Los cohetes espaciales destinan gran parte de su fuselaje a almacenar el combustible que requerirán para atravesar la atmósfera terrestre y van desprendiéndose de su estructura gradualmente en el trayecto hasta alcanzar su destino, esa otra dimensión a la que llamamos espacio. De la misma forma se desprende el niño de su madre al nacer y se desprenderá del hijo la madre cuando le toque parir y más tarde nos desprenderemos todos de nuestros cuerpos cuando llegue el momento de la muerte.
¿De dónde proviene la fuerza que se requiere para realizar viajes interestelares de semejantes dimensiones?
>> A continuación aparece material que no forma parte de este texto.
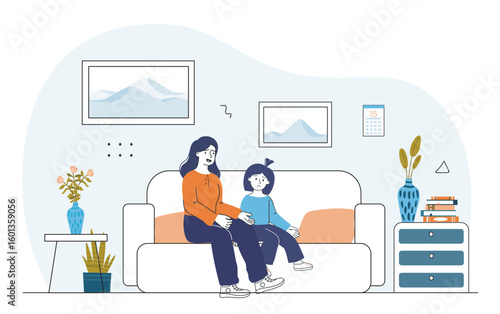 Mother comforting child on sofa at home. Vector illustration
Surge de un sitio desconocido que se oculta, como una cámara secreta, al centro del ser. Nadie puede decretarse propietario de esa tormenta que viene de su interior y le atraviesa arrollando todos aquellos límites que parecían infranqueables. ¿Es el niño quien comanda el viaje de su nacimiento, es la madre la que lo impulsa, es el alma la que opera el abandono del cuerpo llegado el tiempo de la muerte?
Se trata de procesos de una potencia arrasadora que simplemente ocurren en los sujetos. Sin embargo, en ocasiones, algo pareciera materialmente obstaculizarles. A pesar de que la potencia se despliega plenamente, produciendo un estruendo ensordecedor, da la impresión de que la plataforma no estuviera diseñada para permitir que la nave se desprendiera de ella. Como si una suerte de tranquera invisible impidiera que dicha fuerza se convirtiera en impulso para un viaje. Despegues extremadamente dificultosos que comprenden un tremendo desgaste. En ocasiones, tras quemar toneladas de combustible, hace falta abrir una puerta en el vientre de la madre para que un par de nuevos ojos logren ver la luz.
Quienes nos ayudan a nacer, a parir, a morir… no son los poseedores de la potencia que opera el proceso, ni los protagonistas del evento, son simples compañeros versados en el arte de abrir puertas. Hacen uso de sus conocimientos cuando una cerradura insiste en atascarse para facilitar el flujo torrencial de la vida.
Nadie es dueño del caudal del río y cada vez que escribo sobre un nacimiento vuelvo a constatarlo. Las palabras se ordenan solas convirtiéndose en frases y párrafos. Las ideas encuentran la manera de llegar hasta la punta de mis dedos y convertirse en palabras de forma que al final cada historia se cuenta a sí misma sin que yo tenga idea de antemano de lo que habrá de decir. Las palabras, anudadas una a la otra, van revelándose como los pañuelos de colores que emergen de la varita de un mago y crean, enigmáticamente, algo que termina teniendo porque cuenta la historia de la vida.